**Data block:**
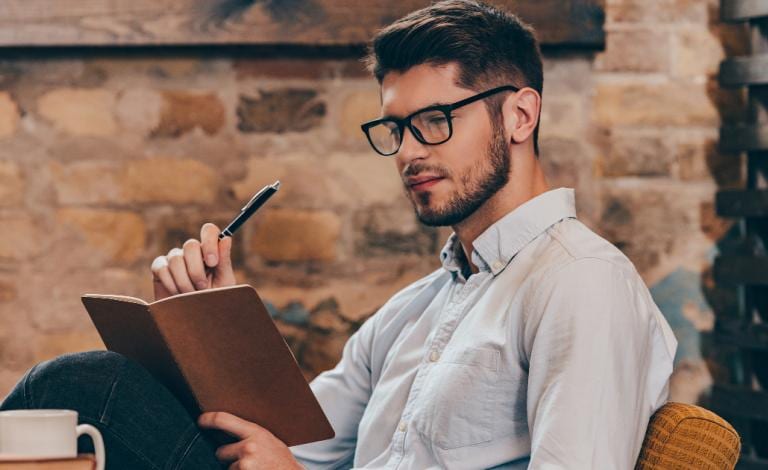 Slow reading: 7+1 non-fiction βιβλία που θα σε βάλουν να κρατήσεις σημειώσεις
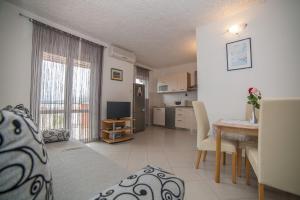 Posezení v ubytování Apartment in Okrug Gornji with sea view, balcony, air conditioning, WiFi 5048-2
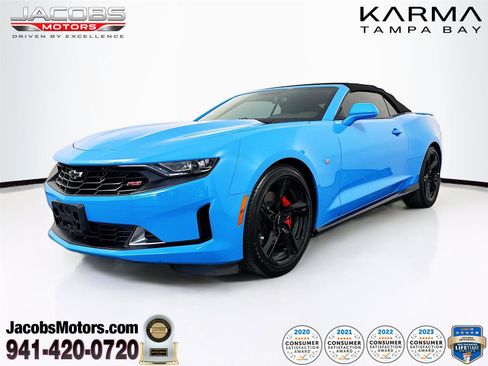 Used 2023 Chevrolet Camaro LT RWD image 1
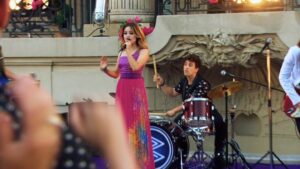 Soy Luna - S3EP60: The End of Everything, on Wheels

**Activity:** Please repeat all of the data exactly as it stands, leaving the pictures out.

**Written solution:**
 Slow reading: 7+1 non-fiction βιβλία που θα σε βάλουν να κρατήσεις σημειώσεις
 Posezení v ubytování Apartment in Okrug Gornji with sea view, balcony, air conditioning, WiFi 5048-2
 Used 2023 Chevrolet Camaro LT RWD image 1
 Soy Luna - S3EP60: The End of Everything, on Wheels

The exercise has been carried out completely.